AKRON, Ohio — Passengers at Cleveland Hopkins International Airport were greeted by a group of air traffic controllers who handed out pamphlets and encouraged people to contact lawmakers and call for an end to the partial government shutdown.
The 25-day shutdown is the longest in U.S. history with no end in site.
Thousands of air traffic controllers continue to show up for work, but are not receiving paychecks.
"Air traffic control is already a stressful job and now you're inducing more stress," said Nick Yochman, an air traffic controller from Youngstown. "It's hard coming into work everyday with the uncertainty of not knowing when you're gonna get paid."
The union representing air traffic controllers filed a lawsuit arguing the workers should be paid and their constitutional rights were being violated, but a federal judge denied the request on Tuesday afternoon.
Yochman also stressed that 3,000 aviation safety specialists were placed on furlough.
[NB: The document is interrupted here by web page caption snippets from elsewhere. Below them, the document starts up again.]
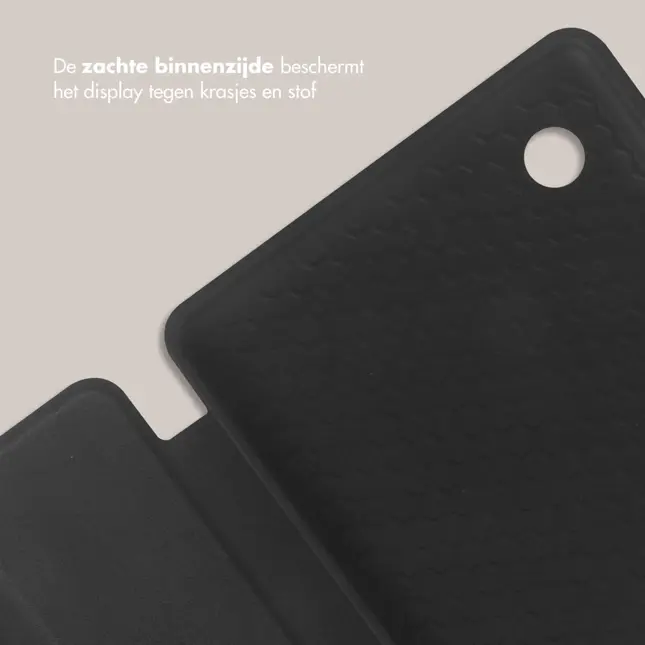 Selencia Bookcase - Kobo Libra Colour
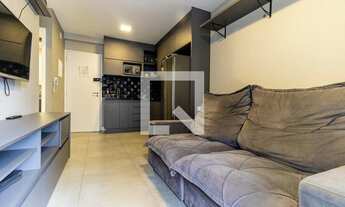 Imagem 4: Apartamento à Venda - Santa Cecília, 1 Quarto, 36 m2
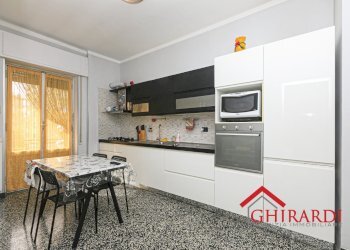 2.0 CUCINA.jpg - Appartamento Via Jacopo Bonfadio 10, Genova (zona Sestri Ponente) - foto 9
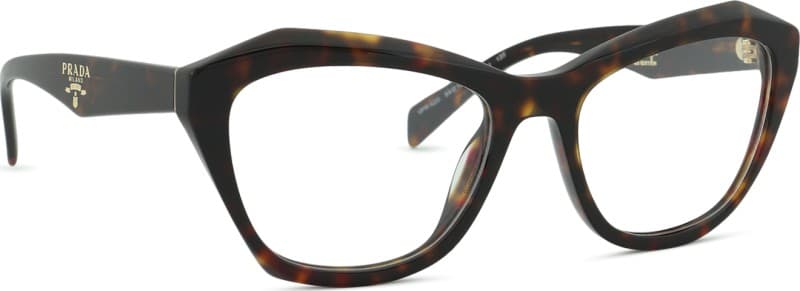 Prada 0PR A20V 17N1O1 54
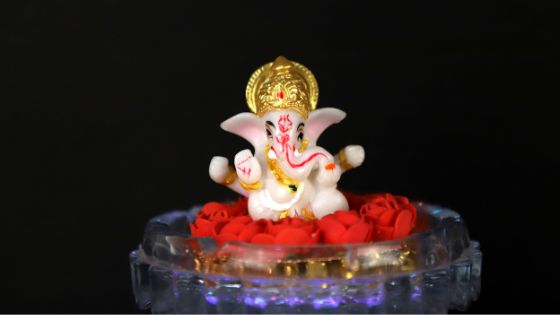 Ganesh Chaturthi Captions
However, on Tuesday afternoon, federal officials announced about 2,200 of them would return to work by the end of the week without pay.
At Akron Canton Airport, about 100 TSA agents, air traffic controllers and customs and border protection agents are also reporting to work uncertain of when they will be paid.
Airport President and CEO Ren Camacho said there have not been any issues with federal workers calling off.
"We're very thankful. They continue to provide the customer service experience through Akron Canton Airport and have smiles on their faces. We're grateful for them," Camacho said.
Airport officials showed their gratitude to the federal workers by providing them with a lunch last Friday.
Camacho stressed the shutdown in not impacting safety and security, but he is concerned that staffing could become an issue if the shutdown drags on.
"That's probably the the biggest question. What if? What if the shutdown does continue to linger and the potential impacts to staff? Again, thankfully, no impacts to date."
Some passengers who landed in Akron said they noticed longer security lines at Atlanta's airport.
Others said they're starting to worry that the shutdown could impact safety at airports.
"I think it's terrible," said Emily Wallace from Oklahoma. "I think they need to figure something out quickly because it's going to be an unsafe situation sooner than later. Anybody that's not getting paid is going to be stressed out and they're not going to pay attention."